ISM inflicts more pain on the Greenback post-payrolls and Powell

USD - Friday’s US macro releases hit the Dollar and DXY hard, as NFP missed consensus and came with a negative net two month revision on top of an unexpected rise in the unemployment rate. The index retreated further below 106.00 from 106.22 at best before succumbing to another bout of downside pressure when the services ISM slowed more than forecast irrespective of a marked acceleration in new orders. On the flip-side, new business activity and employment lost momentum, with the latter on the brink of 50.0 to provide more evidence of a looser labour market following an even bigger retreat in the manufacturing ISM jobs component (from growth into contraction). The DXY slumped to 104.93 for a 200+ tick reversal from its 107.11 weekly peak set on Wednesday that was arguably the real watershed session for the Buck. To recap, the Greenback carried a month end bid with impetus from an uptick in the ECI and a degree of relief that consumer consumer confidence held up better than anticipated awaiting the FOMC, and overcame weaker than expected ADP national employment along with the aforementioned sub-par manufacturing ISM survey along the way. However, Fed Chair Powell prompted the Dollar’s demise as bears pounced on one particular line in the post-meeting press conference that appeared to ‘confirm’ no further tightening. As a reminder, he said the dot plot is a picture in time of appropriate policy in light of policymakers personal views and its efficacy decays during the inter-meeting period. This was perceived as a pushback against the final 25 bp hike this year, and for the cycle, even though Powell was also at pains to say that the FOMC remains unsure whether policy is restrictive enough at present. He also noted the lag between raising rates and full impact plus the implications of higher long term yields in context of tighter financial conditions, though bonds have bull-flattened sharply with the 10 year Treasury yield around 40 bp lower and eyeing 4.50%. In sum, the market thinks the Fed is done and fundamentals are largely backing that view, bar a surprise increase in JOLTS job openings (for September and after the prior was downgraded it has to be said).

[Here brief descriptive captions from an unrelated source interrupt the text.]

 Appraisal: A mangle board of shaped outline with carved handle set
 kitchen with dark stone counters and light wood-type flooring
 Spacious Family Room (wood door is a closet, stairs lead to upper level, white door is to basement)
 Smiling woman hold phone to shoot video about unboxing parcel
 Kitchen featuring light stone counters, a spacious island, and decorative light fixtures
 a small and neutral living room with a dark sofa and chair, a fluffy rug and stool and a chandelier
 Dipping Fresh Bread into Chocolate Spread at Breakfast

CAD - The Loonie lagged in wake of a disappointing Canadian LFS that should set the seal on no change in policy from the BoC next week, but Usd/Cad remained on track for a hefty fall from almost 1.3900 towards 1.3650. This highlights the extent of the Buck’s collapse, although Canada’s manufacturing PMI was less contractionary and BoC Governor Macklem underscored concerns about getting inflation back down to target given the amount of Federal and Provincial Government spending.

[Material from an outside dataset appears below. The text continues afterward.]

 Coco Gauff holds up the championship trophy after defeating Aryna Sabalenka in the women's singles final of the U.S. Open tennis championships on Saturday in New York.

NZD/GBP/AUD - Notwithstanding or taking ongoing geopolitical risk for granted, the cyclical currencies and commodity bloc were boosted by a revival in broad risk sentiment as the debt rout bottomed out and reversed course. Moreover, the Kiwi benefited from a change in the Aud/Nzd tide as the Aussie felt some contagion from a clean sweep of worrying Chinese PMIs and a narrower than forecast Australian trade deficit due to a fall in exports. Nevertheless, a strong upward revision to final retail sales coupled with hot CPI metrics are still expected to see the RBA return to hiking next Tuesday after four meetings in pause mode and Aud/Usd still rallied in the region of two full points to top 0.6500, while Nzd/Usd touched 0.6000 from just under 0.5800 regardless of an unforeseen decline in HLFS employment and softer than consensus labour costs. Elsewhere, the Pound took more than its weight of flesh from its US peer as Cable gained some 300 pips from a fraction shy of 1.2100 at one stage with a bit of incentive from the BoE that held rates for the second time in a row via a split decision, albeit 6-3 rather than 5-4 on this occasion, but retained guidance that the MPC will ensure the Bank rate is sufficiently restrictive, for sufficiently long as risks to inflation projections are still skewed to the upside.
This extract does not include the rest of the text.